State securities regulators, the Consumer Federation of America and the AARP sent a letter to Senate on Friday to get support for the amendment introduced by Hawaii Democrat Daniel Akaka and New Jersey Democrat Robert Menendez.
“This amendment would restore the single most important investor protection of all,” said Russ Iuculano, executive director for the North American Securities Administration Association.
Under the Senate bill, the Securities and Exchange Commission would conduct a study of the fiduciary standard and its impact on advisers and clients, and decide whether to adopt new regulations.
Regulators and consumer advocates say that is not enough.
The proposed amendment would require the SEC to adopt rules requiring brokers to act in the best interests of their clients when giving them investment advice. Currently, brokers must only show that their recommendations are suitable for clients.

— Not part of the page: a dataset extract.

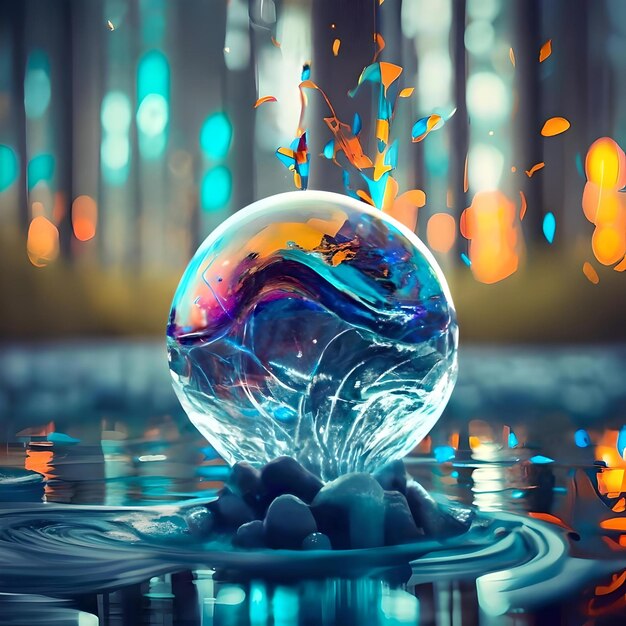 Una bola de vidrio con agua salpicando a su alrededor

The amendment would reflect the version of the bill passed by the House of Representatives in December. The Senate dropped the adoption of the fiduciary standard following a lobbying campaign from brokerage firms and insurance agents, said Iuculano.
Charles Johnston, head of Morgan Stanley Smith Barney,, said at a securities industry conference on Friday that he was concerned about the adoption of a single fiduciary standard if it limited customer choice.
Johnston said under the fiduciary standard that currently governs investment advisers, brokers would not be able to sell clients proprietary products or new issues of securities underwritten by the firm, or allow clients to hold a concentrated position in one company.
Iuculano contends these fears are unfounded. The House bill does not require advisers to be brought under the Investment Adviser Act and provides specific exemptions for brokers selling proprietary products, provided they inform their clients of what they are doing, said Iuculano.
The fiduciary issue has been overshadowed by other provisions of the bill, such as rules regulating derivatives, said Cristina Martinfirvida, director of economic security at the AARP. Still, she is confident it will pass.
“The public expects to see pieces of the legislation that have to do with individual investors and not just institutions,” she said.